| Records for this task |
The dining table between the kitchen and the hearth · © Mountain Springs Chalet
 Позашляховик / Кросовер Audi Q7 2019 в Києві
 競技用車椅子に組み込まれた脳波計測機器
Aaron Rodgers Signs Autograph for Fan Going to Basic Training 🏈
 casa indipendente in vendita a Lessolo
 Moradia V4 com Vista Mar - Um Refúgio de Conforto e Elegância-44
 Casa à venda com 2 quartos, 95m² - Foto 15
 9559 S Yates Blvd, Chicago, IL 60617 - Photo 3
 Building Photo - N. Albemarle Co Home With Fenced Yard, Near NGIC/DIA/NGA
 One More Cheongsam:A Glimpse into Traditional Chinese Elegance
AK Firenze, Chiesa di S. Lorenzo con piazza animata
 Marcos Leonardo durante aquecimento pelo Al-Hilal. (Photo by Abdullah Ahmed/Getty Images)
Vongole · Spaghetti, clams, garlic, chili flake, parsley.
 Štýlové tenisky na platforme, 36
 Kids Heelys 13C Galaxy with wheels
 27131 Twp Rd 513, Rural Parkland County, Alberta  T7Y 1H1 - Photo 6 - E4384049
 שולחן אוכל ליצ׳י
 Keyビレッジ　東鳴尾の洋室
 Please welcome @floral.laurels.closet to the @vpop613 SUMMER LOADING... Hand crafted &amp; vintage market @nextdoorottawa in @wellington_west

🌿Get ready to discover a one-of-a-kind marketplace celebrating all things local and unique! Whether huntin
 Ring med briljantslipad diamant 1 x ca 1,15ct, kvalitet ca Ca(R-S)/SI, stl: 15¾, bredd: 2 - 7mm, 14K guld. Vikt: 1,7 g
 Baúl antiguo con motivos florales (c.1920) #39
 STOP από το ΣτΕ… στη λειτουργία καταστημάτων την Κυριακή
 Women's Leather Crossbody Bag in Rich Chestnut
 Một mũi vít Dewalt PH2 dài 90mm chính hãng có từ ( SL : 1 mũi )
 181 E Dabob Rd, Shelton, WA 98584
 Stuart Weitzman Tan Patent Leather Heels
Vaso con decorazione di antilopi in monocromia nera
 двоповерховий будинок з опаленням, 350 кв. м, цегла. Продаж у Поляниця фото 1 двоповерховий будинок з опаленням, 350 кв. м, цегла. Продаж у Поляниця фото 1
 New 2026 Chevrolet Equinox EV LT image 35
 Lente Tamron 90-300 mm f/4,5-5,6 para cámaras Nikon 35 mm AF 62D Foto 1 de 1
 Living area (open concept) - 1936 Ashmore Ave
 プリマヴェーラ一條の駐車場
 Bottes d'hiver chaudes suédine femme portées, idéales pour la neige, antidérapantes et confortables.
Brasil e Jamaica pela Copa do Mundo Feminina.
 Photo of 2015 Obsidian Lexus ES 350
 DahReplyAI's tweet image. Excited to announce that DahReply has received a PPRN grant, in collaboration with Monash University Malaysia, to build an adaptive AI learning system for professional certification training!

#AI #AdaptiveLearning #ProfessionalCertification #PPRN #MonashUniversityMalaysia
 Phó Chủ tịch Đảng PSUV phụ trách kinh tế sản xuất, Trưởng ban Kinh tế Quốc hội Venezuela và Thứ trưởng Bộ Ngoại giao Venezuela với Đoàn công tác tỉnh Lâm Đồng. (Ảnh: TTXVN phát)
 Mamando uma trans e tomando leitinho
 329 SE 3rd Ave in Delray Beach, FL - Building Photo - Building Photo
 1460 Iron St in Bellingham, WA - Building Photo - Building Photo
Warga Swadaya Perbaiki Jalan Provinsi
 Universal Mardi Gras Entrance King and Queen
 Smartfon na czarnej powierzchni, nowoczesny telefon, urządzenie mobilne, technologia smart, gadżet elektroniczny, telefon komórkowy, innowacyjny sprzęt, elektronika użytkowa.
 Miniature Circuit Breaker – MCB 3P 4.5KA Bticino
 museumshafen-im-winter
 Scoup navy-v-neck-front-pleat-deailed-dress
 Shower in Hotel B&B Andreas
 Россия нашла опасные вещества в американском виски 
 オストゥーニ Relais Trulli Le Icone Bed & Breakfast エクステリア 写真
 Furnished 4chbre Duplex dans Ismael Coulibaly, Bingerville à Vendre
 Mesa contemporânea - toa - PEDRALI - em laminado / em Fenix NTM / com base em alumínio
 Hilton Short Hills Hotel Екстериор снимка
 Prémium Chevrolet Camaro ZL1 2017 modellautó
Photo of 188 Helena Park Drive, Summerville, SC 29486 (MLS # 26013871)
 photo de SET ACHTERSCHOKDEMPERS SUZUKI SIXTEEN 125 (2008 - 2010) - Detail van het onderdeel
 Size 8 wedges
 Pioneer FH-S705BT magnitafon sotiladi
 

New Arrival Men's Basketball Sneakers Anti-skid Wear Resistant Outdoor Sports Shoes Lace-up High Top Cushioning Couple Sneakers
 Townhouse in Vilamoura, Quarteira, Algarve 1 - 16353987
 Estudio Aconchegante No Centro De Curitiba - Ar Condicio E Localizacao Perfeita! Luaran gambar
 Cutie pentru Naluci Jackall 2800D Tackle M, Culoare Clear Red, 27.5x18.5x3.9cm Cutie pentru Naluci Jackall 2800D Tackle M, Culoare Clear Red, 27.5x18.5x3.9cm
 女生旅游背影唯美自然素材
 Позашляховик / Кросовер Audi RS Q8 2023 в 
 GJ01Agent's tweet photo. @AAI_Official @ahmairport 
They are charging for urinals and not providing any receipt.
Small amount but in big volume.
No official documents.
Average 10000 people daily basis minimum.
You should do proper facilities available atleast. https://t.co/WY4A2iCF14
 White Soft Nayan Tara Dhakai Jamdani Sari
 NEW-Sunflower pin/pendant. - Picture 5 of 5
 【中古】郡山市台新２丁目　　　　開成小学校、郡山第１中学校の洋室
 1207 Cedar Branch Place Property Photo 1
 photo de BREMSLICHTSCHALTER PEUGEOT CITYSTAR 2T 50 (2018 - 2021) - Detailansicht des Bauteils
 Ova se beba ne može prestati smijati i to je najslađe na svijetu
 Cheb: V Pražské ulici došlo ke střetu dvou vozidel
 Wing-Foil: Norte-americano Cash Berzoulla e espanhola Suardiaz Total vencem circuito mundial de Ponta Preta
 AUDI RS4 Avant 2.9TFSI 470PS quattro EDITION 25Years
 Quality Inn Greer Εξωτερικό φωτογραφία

| What to produce |
Among the lines above, find those with the word "Leather". Copy them.

| Task solution |
 Women's Leather Crossbody Bag in Rich Chestnut
 Stuart Weitzman Tan Patent Leather Heels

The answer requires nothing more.